The LinguaLeo Chronicles: How We Made Dialogues in English with Node.js and DynamoDB

LinguaLeo users begin to learn English in the Jungle - a repository of thousands of materials of different levels of complexity, format and themes; step by step learn to hear and understand the speech of native speakers and expand vocabulary. Who needs grammar - go to Courses . Vocabulary is replenished not only from the Jungle, by adding unfamiliar words to the Personal Dictionary, but also with the help of prepared Word Sets available for individual study. In the Communication section, you can conduct Dialogs in English to practice the language with other LinguaLeo users in real-time mode, choosing topics for communication. Communication in English only!
To create Dialogs in English, we used Node.js, DynamoDB (all on AWS). Now we will share our experience.
█ Why Node.js?

“... In order to provide our users with all the opportunities for communication, we chose Node.js. Why? Node.js is adequate for working with streams, where there are a huge number of modules . In addition, a competent JavaScript programmer, working on Node, will be able to implement the entire scope of the task, and not just its server part (unlike, for example, an Erlang specialist).
As a “transport node” between the server and the client, we used WebSockets as the fastest way to deliver information.
To solve the cross-platform problem, we chose the Sock.JS library . Firstly, due to W3C compliance for WS, and secondly, Sock.JS is great for our needs.

So let's go. We launched the Node.js daemon on Amazon EC2's “cloud” capabilities. The application is deployed through git. The forever module is responsible for logging and restarting . By the way, Amazon has a very useful service - Amazon Cloudwatch . Its functionality allows you to monitor the main parameters of the system, and most importantly its dignity - customizable notifications that allow you to monitor only what is really important. To obtain detailed information about the state of the application, we use nodetime .
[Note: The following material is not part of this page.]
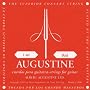 Augustine Red Label Classical Guitar Strings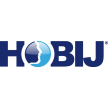 HOBIJ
The dynode module is used as a driver for working with DynamoDB . He proved himself well, however, imperfect technical documentation added tar to the barrel of honey. Official Node.js SDKcame out of Amazon later and is still in the Developer Preview stage. In such a

█ Subtleties of Node.js
We paid special attention to the problem of user authorization on the dialog server. We are responsible for authorization on the server cookie. This is a very “expensive” solution in terms of speed, but it impresses with stability and security, plus an independent service-oriented architecture.
How it works? The user's cookies are sent via WebSockets to the dialog server → the dialog server checks the validity of the cookie by sending a request with the received cookie to our API, and it already sends the user data back. If the data was received without errors, the Dialog server does its job (authorizes) and sends the data to the user .
We know that many people practice LinguaLeo not only at home, but also at work. It often happens that corporate firewalls are configured excessively strictly, which is why all ports except standard ones are unavailable. We remember this, and for the WebSocket connection we use port 443 (without binding to https). This solution avoids potential network problems.
█ Features of DynamoDB
A little over a year ago, Amazon released a distributed NoSQL database - Amazon DynamoDB . At the stage of designing the system architecture, we faced a choice between two products: MongoDB and DynamoDB. We refused the first option because of difficulties with administration, and the choice fell on Amazon, since support was not required in the case of its product. Well, of course, it was interesting to “break in” the technology ourselves for further use.
It turned out that working with DynamoDB is very different from everything that we are used to seeing. Being a SaaS product, this thing taught us to take into account the time for an http request. Within the Amazon data center, the average query time is about 20 milliseconds, which is why we came to the conclusion: it is highly advisable to make all selections only through indexes (this is faster and cheaper), and scan requests should be used exclusively for analytics or migrations.
█ Data structure
Dialogs - storing dialogue metadata, caching the last message.

UserDialogs - list of user dialogs, caching + counter of unread messages.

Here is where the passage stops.